The budget offers significant income tax cuts for the middle class and has unveiled a blueprint for next generation reforms
By: India Weekly
FINANCE MINISTER Nirmala Sitharaman on Saturday (01) announced significant income tax cuts for the middle class and unveiled a blueprint for next generation reforms as she looked to shore up a slowing economy amid global uncertainties.
Individuals earning up to ₹1.27 million in a year will not have to pay any taxes after she raised the exemption threshold from ₹700,000.
She also altered tax slabs for people earning above this threshold to help save up to ₹110,000 in taxes for those with income up to ₹2.5 million in a year.
The tax cuts, which will cost the exchequer about ₹1 trillion, will benefit 63 million people, or more than 80 per cent of taxpayers, who earn up to ₹1.2 million a year.

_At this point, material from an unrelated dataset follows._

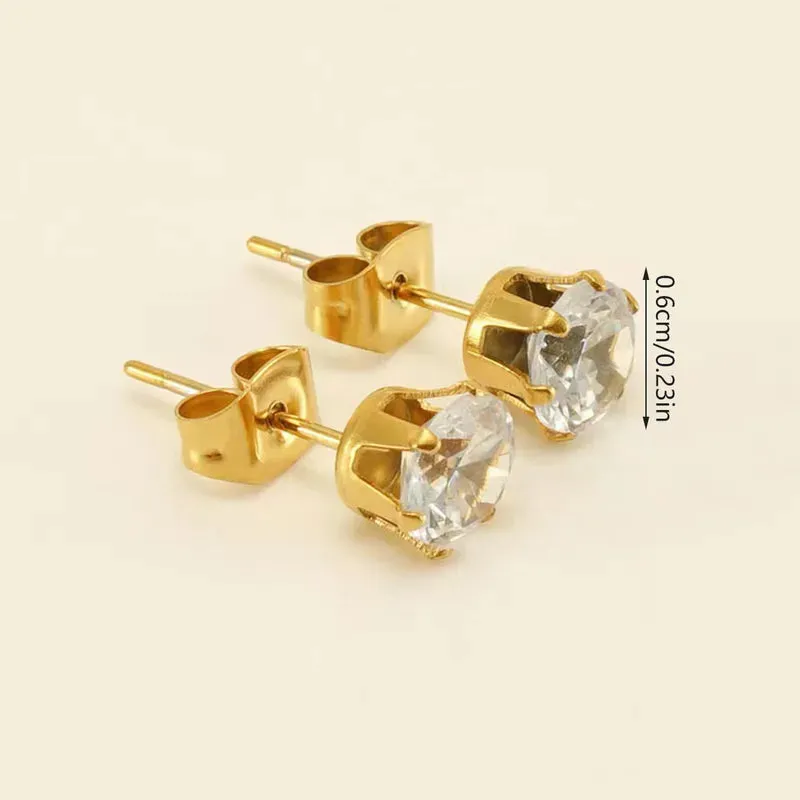 Elegant Gold & Pearl Studs Combo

“The new structure will substantially reduce taxes on the middle class and leave more money in their hands, boosting household consumption, savings and investment,” Sitharaman said presenting what was dubbed as ‘reformist’ budget for the next fiscal in Lok Sabha.
The Budget for April 2025 to March 2026 fiscal (FY26) proposed to raise foreign investment limit in insurance sector to 100 per cent from current 74 per cent and continued spending spree on infrastructure while raising allocations for social sectors as well as providing for measures for poor, youth, farmers and women.
All this she did while managing to stick to the fiscal consolidation roadmap, projecting a fiscal deficit of 4.4 per cent of the GDP in FY26 as against an estimated 4.8 per cent in the current year ending March 31.
Also announced were duty cuts on intermediaries and certain life saving drugs.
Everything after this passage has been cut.